What you should do:
Using the listing below, set down exactly the lines from the one that contains "YACA（ヤーカ）の「Pigment Logo Loose" through the one that contains "Чорний ВАЗ 2112, об'ємом", with no pictures.

= = =

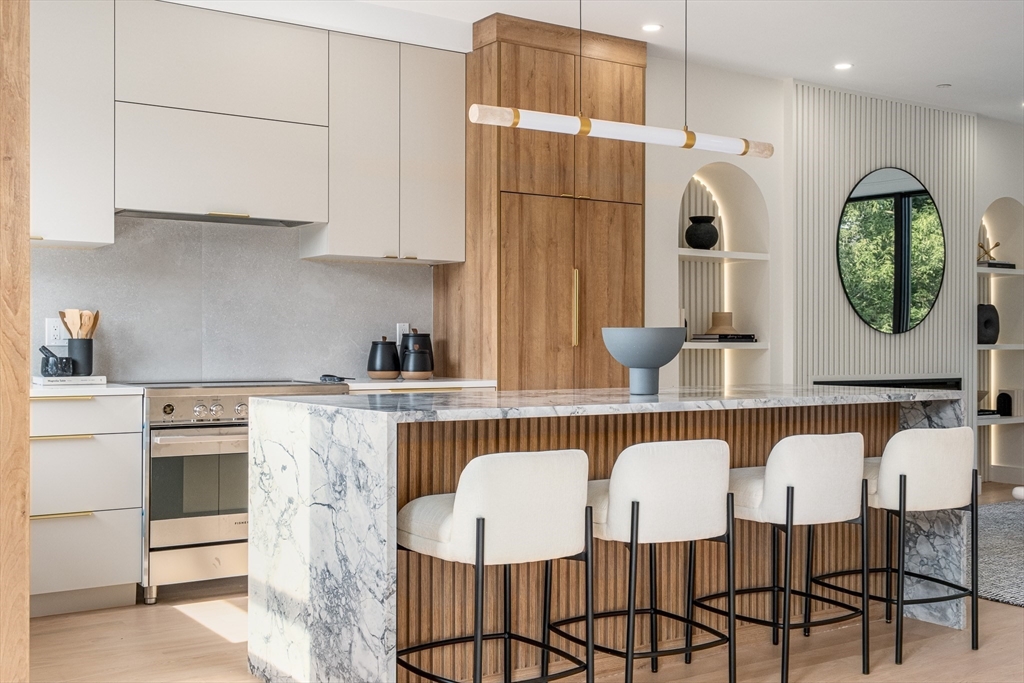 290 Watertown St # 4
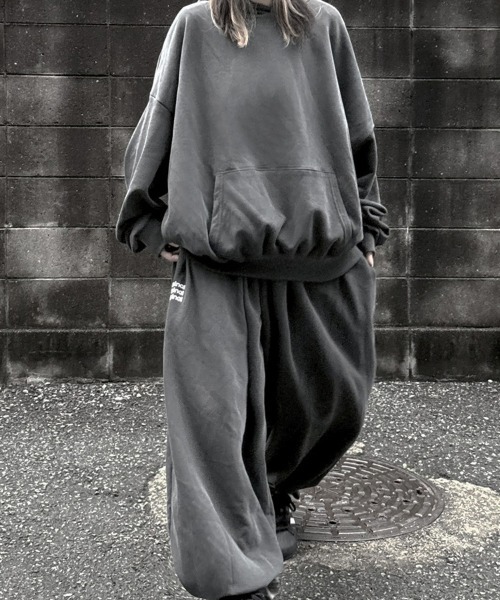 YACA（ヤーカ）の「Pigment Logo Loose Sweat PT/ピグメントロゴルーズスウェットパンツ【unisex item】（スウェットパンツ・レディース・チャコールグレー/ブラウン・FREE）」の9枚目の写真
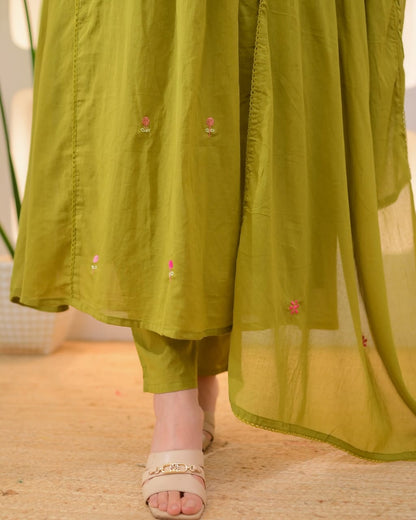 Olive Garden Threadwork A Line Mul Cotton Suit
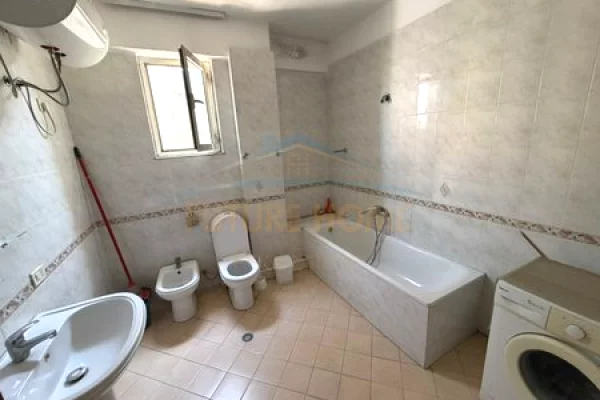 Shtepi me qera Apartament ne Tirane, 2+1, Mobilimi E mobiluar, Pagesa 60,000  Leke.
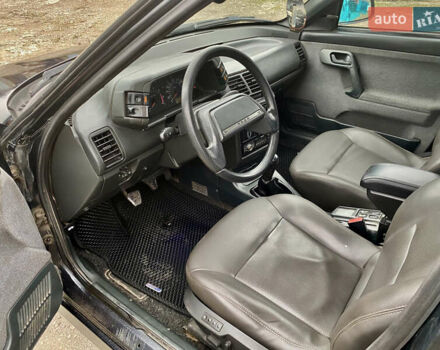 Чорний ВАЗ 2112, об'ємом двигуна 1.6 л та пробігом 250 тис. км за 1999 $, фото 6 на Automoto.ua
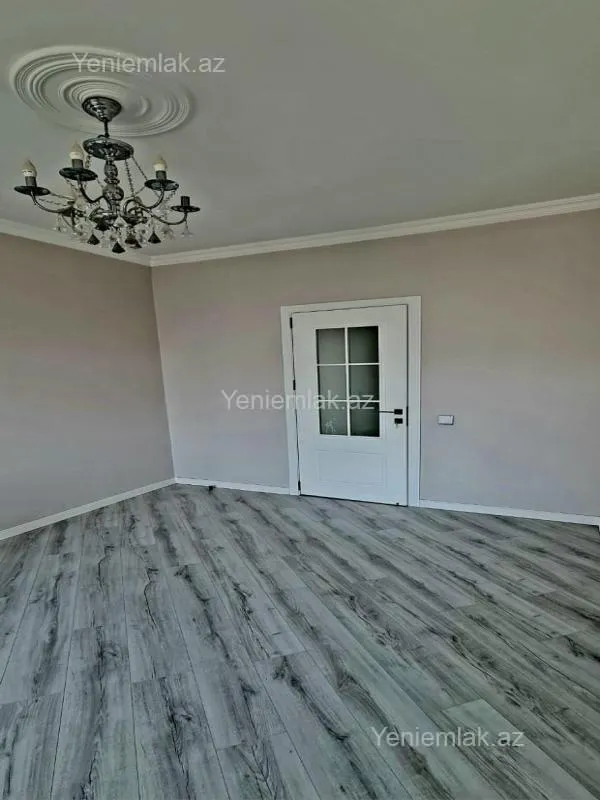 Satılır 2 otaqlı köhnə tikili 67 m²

= = =

Reply to the exercise:
 YACA（ヤーカ）の「Pigment Logo Loose Sweat PT/ピグメントロゴルーズスウェットパンツ【unisex item】（スウェットパンツ・レディース・チャコールグレー/ブラウン・FREE）」の9枚目の写真
 Olive Garden Threadwork A Line Mul Cotton Suit
 Shtepi me qera Apartament ne Tirane, 2+1, Mobilimi E mobiluar, Pagesa 60,000  Leke.
 Чорний ВАЗ 2112, об'ємом двигуна 1.6 л та пробігом 250 тис. км за 1999 $, фото 6 на Automoto.ua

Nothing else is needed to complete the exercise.